AMPARO DIRECTO 830/2015. 10 DE MARZO DE 2016. UNANIMIDAD DE VOTOS. PONENTE: EDUARDO ANTONIO LOREDO MORELEÓN. SECRETARIA: ROSALBA MÉNDEZ ALVARADO.
Suprema Corte de Justicia de la Nación

AMPARO DIRECTO 830/2015. 10 DE MARZO DE 2016. UNANIMIDAD DE VOTOS. PONENTE: EDUARDO ANTONIO LOREDO MORELEÓN. SECRETARIA: ROSALBA MÉNDEZ ALVARADO.

Fecha: 10-Jun-2016

Artículo El Procedimiento Se Interrumpe

"‘...

"‘III. Por muerte o impedimento del mandatario o patrono. En este caso el procedimiento se reanudará tan pronto como se notifique a la parte principal para que provea a la sustitución del representante desaparecido, o ésta se apersone voluntariamente, por sí o por medio de nuevo mandatario o patrono.’

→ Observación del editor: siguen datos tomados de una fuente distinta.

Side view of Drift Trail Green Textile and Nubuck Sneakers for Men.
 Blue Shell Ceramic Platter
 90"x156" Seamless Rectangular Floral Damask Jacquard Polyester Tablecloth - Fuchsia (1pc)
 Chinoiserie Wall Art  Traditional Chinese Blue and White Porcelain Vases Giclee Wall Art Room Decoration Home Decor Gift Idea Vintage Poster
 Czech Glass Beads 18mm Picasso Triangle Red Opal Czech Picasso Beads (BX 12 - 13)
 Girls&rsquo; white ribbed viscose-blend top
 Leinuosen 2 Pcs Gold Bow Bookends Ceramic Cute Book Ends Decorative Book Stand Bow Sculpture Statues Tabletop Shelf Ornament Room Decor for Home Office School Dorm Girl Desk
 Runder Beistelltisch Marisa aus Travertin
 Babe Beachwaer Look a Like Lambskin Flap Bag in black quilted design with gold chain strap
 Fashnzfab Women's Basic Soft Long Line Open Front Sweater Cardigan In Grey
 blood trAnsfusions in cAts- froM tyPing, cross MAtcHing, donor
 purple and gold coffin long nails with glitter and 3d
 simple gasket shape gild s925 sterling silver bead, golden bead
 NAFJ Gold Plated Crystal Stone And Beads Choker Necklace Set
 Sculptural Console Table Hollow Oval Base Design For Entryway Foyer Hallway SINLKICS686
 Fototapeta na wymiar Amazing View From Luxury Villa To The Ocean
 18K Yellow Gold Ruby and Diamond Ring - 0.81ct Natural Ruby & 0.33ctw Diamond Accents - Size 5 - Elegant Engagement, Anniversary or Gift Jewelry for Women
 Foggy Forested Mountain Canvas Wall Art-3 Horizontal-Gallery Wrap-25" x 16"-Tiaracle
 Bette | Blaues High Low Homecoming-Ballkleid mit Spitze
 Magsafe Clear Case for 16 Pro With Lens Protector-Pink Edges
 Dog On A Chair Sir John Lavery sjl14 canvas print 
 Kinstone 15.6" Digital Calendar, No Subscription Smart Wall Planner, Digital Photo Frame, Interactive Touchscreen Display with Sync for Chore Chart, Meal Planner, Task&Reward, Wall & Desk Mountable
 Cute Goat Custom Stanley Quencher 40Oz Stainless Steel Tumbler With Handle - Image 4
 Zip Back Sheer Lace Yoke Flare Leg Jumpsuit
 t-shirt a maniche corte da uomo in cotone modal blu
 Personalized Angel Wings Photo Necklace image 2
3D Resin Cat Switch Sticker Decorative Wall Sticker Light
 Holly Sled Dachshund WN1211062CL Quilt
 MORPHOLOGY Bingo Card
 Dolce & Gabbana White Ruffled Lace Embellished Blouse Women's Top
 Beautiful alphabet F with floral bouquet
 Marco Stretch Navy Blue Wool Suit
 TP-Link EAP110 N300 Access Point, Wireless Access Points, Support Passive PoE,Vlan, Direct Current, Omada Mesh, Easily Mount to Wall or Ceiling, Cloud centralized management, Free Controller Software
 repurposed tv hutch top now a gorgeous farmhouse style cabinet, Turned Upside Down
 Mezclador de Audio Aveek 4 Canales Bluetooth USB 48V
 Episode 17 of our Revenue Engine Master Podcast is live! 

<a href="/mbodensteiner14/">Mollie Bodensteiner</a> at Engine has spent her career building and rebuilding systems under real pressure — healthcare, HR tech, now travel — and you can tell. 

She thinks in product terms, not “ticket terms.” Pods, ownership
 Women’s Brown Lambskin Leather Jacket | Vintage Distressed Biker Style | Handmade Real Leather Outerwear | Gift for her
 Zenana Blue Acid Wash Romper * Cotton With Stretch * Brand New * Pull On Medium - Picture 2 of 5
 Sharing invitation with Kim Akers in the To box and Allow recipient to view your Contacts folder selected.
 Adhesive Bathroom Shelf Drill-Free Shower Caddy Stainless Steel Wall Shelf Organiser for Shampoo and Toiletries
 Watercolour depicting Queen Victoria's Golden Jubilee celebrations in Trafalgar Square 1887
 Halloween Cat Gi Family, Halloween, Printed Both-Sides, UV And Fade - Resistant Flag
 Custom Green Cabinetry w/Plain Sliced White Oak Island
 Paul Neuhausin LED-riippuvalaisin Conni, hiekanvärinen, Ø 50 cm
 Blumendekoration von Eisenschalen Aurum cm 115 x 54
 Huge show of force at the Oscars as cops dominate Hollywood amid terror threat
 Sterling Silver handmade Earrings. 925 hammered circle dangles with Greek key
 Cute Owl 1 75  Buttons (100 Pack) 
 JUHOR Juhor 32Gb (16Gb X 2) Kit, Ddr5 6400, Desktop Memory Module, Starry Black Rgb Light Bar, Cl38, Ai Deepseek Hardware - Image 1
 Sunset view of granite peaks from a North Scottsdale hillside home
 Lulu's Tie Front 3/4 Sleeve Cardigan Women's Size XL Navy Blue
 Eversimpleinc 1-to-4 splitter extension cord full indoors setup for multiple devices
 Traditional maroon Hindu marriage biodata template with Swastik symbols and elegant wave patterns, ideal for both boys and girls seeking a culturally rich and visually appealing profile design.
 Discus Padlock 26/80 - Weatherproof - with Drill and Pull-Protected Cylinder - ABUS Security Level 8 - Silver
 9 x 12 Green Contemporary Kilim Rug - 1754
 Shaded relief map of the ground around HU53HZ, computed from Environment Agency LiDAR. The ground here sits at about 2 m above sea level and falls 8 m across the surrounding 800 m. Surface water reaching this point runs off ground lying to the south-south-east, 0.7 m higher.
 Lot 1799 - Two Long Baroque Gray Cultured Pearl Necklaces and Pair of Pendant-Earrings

"Sentado lo anterior, debe precisarse si, la calidad de abogado patrono, es suficiente para acudir al juicio de amparo, o si lo impiden las limitaciones legales impuestas para ese tipo de representación.

"En relación con este punto, es evidente que, el ejercicio de la acción constitucional de amparo, no trae aparejada la disposición del derecho de litigio, en primer lugar, porque con su tramitación generalmente se busca el pronunciamiento acerca de la constitucionalidad del acto reclamado, así como la obtención del amparo de la Justicia Federal; y, para ello, nunca será necesaria la disposición o enajenación del derecho sustancial controvertido. En segundo lugar, porque mientras el juicio de garantías no se resuelve, el pleito o litigio continúa sub júdice; de modo que el ejercicio de la acción de amparo no modifica o extingue el litigio, por lo que no implica una disposición del derecho relacionado con el mismo.

"Por otro lado, la acción de amparo tampoco encuadra en ninguna de las hipótesis mencionadas por el artículo 2868 del Código Civil para el Estado de Sonora.

"Por último, como se desprende de lo establecido por el artículo 4o. de la Ley Reglamentaria de los Artículos 103 y 107 Constitucionales, la acción de amparo no constituye un derecho personalísimo, de los reservados en exclusiva a la parte interesada, sino que puede ejercitarse por medio del representante designado por dicha parte.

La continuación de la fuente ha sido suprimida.